━━━━━ Supplied material

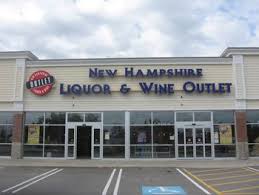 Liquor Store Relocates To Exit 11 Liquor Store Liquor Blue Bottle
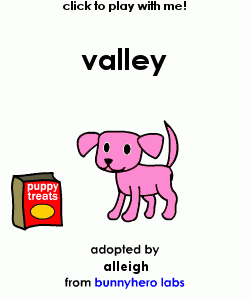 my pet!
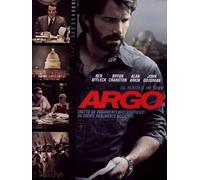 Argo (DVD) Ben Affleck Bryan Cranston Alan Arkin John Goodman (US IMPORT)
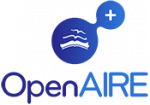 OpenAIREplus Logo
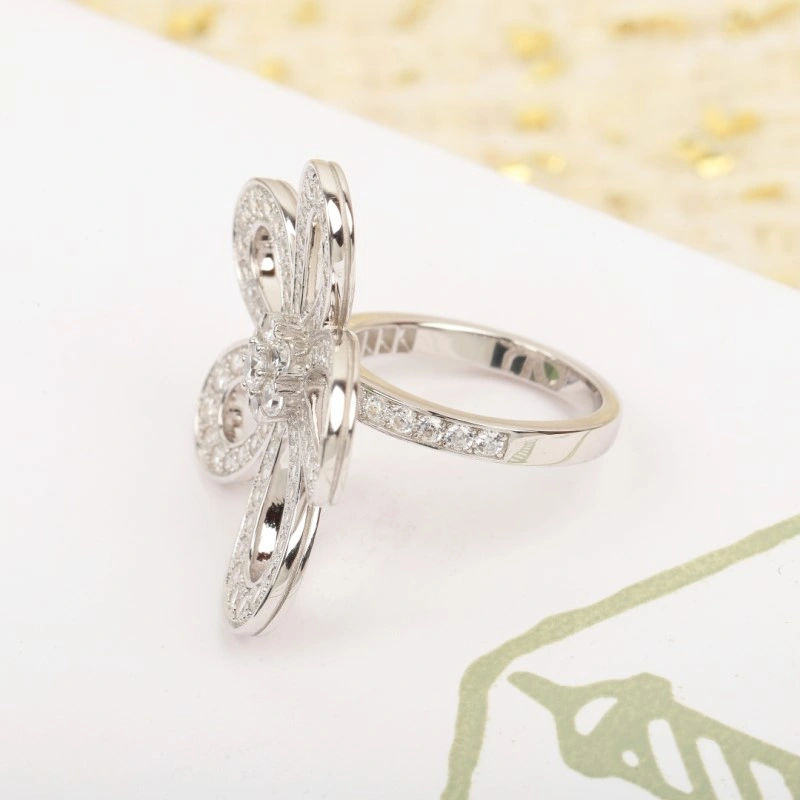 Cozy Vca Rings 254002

━━━━━━━━━━

◆ Task to carry out ◆
For this exercise, transcribe the data exactly but without its pictures.

◆ Written solution ◆
 Liquor Store Relocates To Exit 11 Liquor Store Liquor Blue Bottle
 my pet!
 Argo (DVD) Ben Affleck Bryan Cranston Alan Arkin John Goodman (US IMPORT)
 OpenAIREplus Logo
 Cozy Vca Rings 254002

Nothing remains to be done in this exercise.